Wednesday, January 4, 2006
Is 49 the new 31?
AOL WELCOME SCREEN
AOL, along with an army of publicists and plastic surgeons, is trying to tell us these women are prime examples of the new middle age.
If that's the case, then feast your eyes on the Botox Generation. The best looking forty and fifty something females that money can buy.
Oprah's looks are a miracle of modern make up, hefty hair styling, a personal trainer and a private chef.
Demi has been augmented and cemented more than a new patio.
When was the last time you saw Madonna's face move?
The Nicollette Sheridan pictured here bears no resemblance to the Nicollette Sheridan of twenty years ago. No wonder she's starting to look like she's impersonating herself.

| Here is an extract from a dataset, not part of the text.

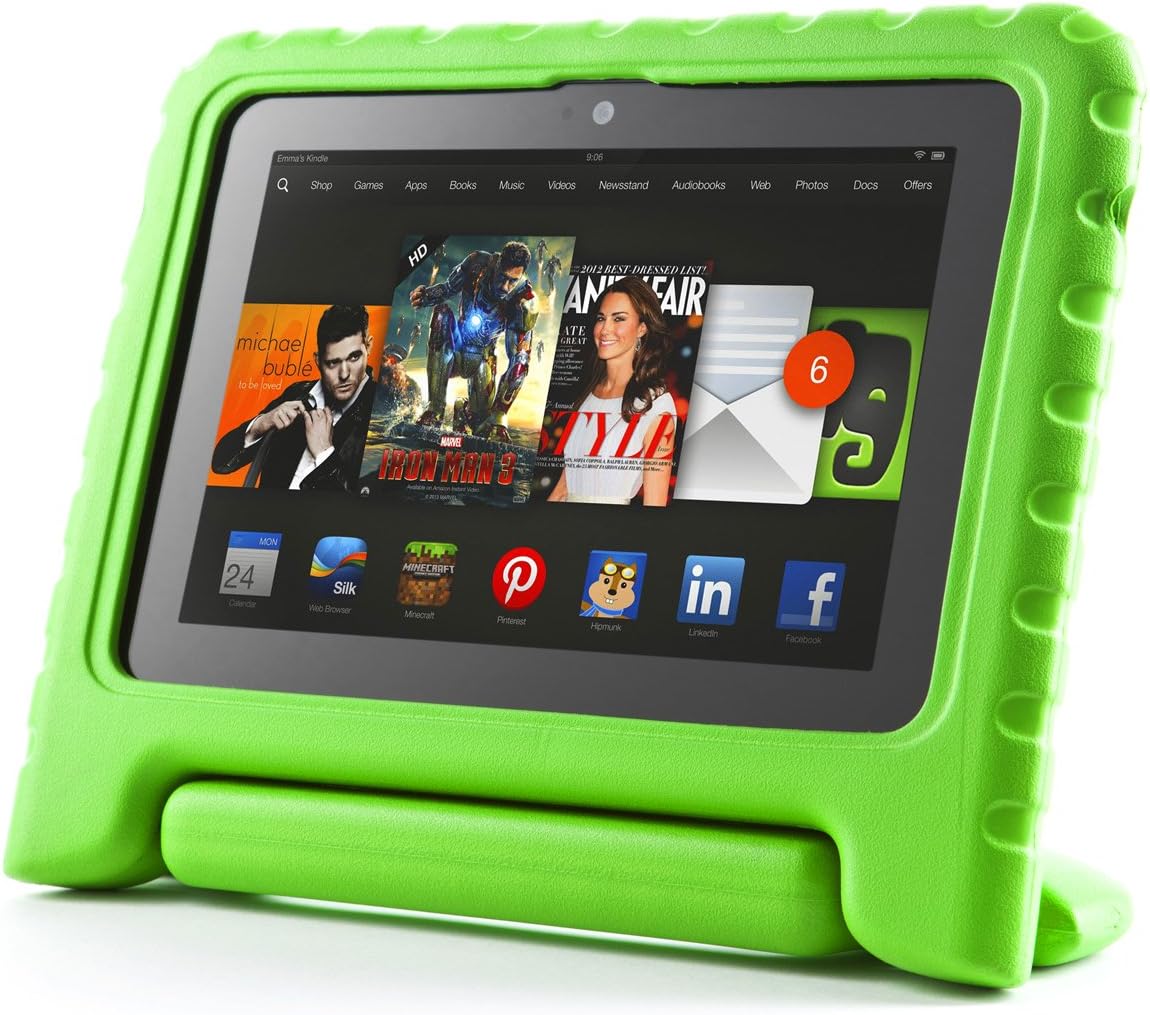i-Blason ArmorBox KIDO Series for Amazon Kindle Fire HDX 7 Inch Tablet [Not Compatible with Kindle Fire HD 7] Light Weight Super Protection Convertiable Stand Cover Case Kids Friendly (Green)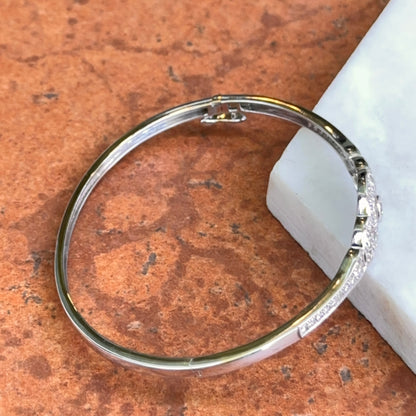 14kT White Gold 2 CT Diamond Filigree Art Deco Bangle Bracelet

Sharon Stone sued someone who claimed she'd had work done. Earth to Sharon -- you've had work done.
And Christy Brinkley? If they pull your cheeks any higher you won't be able to see.
All but a couple of these women have spawned. They've expelled those large bowling balls called children from their bodies. A process not generally recommended in most beauty regimens.
As for ordinary women who think they, too, can recapture the flat abs of their youths after a litter of kids -- without surgical intervention, lipo, or a blind husband -- I've got some old Michael Bolton tapes for you.
Hey ladies, life's a bitch. Embrace it. At least, get real.